Rires déplacés et concert canin

Vivre dans un bourg a ses avantages : on peut y aller acheter sa baguette à pied, saufquand il pleut. Mais toute médaille a son revers (et vice-versa) : on y a de proches voisins et, comme chacun sait, la nocivité de cet ennemi de l'homme est directement proportionnelle à sa proximité.

Ces derniers jours, ayant quasiment terminé la rénovation du rez-de-chaussée, je me suis accordé des vacances, et comme le temps s'y prêtait, j'ai profité de ces moments de loisir pour labourer le petit lopin où je compte faire pousser quelques légumes. La surface en est extrêmement réduite car, je dois l'avouer, je préfère cultiver ces dernier à les manger. J'ai donc passé mes après-midis au soleil. Curieusement, je ne fus pas seul à profiter des beaux jours pour m'adonner au jardinage ou à d'autres activités extérieures.

Sur l'avenue, à deux pas de chez moi, un de ces téméraires que rien n'arrête a décidé d'ouvrir une brasserie. Pour ce faire il a racheté un ancien bistrot qui, comme beaucoup dans le bourg, avait dû fermer pour cause de clientèle insuffisante et y a entrepris des travaux qui, sans être pharaoniques, n'en sont pas moins conséquents. Parmi ceux-ci, l'installation d'une vaste terrasse à l'arrière de l'établissement, vu qu'au devant c'eût été malaisé car elle eût empiété sur la voie publique et partant grandement gêné la circulation.

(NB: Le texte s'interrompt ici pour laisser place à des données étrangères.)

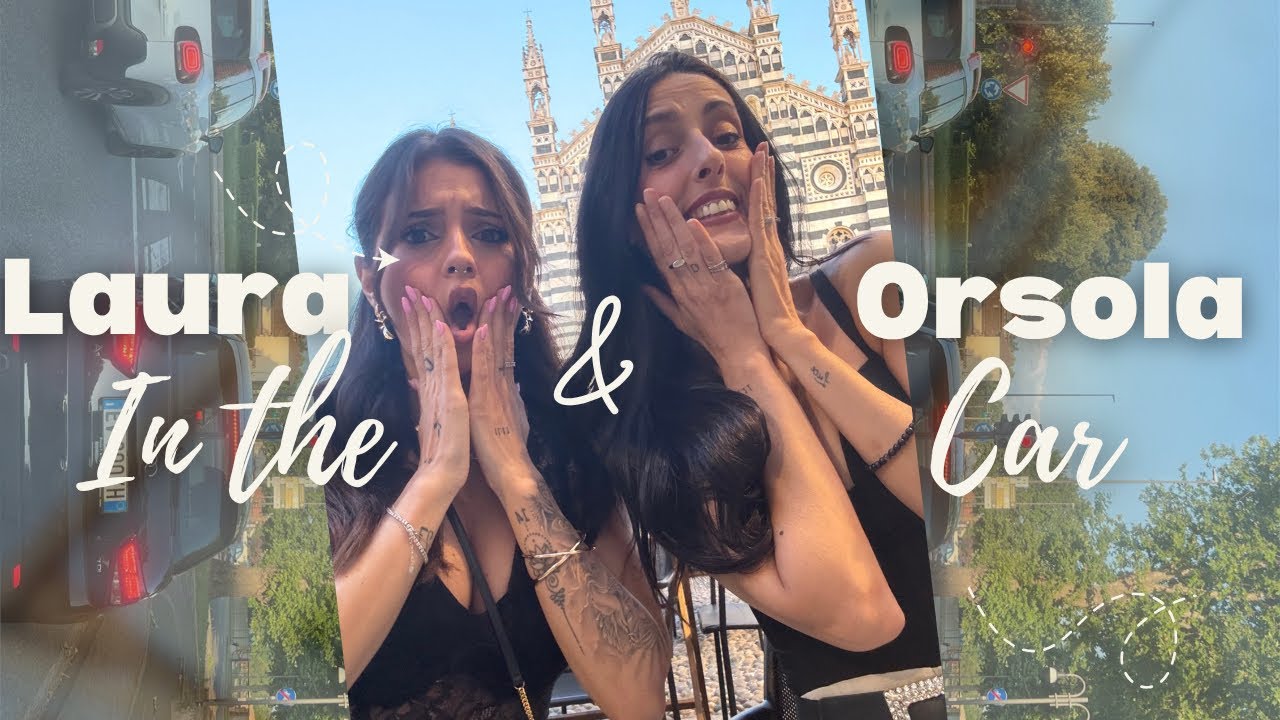 LAURA E ORSOLA IN THE CAR 🕺🏽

Évidemment, le terrassement, la mise en place des réseaux électriques ou d'évacuation des eaux pluviales, l'épandage puis le damage du gravier sur lequel sera coulée la dalle sont des tâches qu'il vaut mieux effectuer par beau temps que sous la pluie battante. Une équipe d'ouvriers vint donc les réaliser. Mais le bruit des machines utilisées à cet effet, s'il nuisait à ma tranquillité, ne fut pas la seule source de mon agacement. Car figurez-vous que, contre toute logique, les ouvriers travaillèrent dans un climat surprenant : les plaisanteries fusaient de toute part, engendrant des rires gras ! La présence d'une jeune femme (ou grognasse) venue contempler le travail des hommes n'était pas pour rien dans ces accès d'alacrité. Lorsqu'elle demanda aux damnés de la Terre de s'essayer au maniement de la dameuse, c'est avec plaisir qu'ils accédèrent à sa requête et ceci au mépris des recommandations de sécurité les plus élémentaires de l'Inspection du Travail !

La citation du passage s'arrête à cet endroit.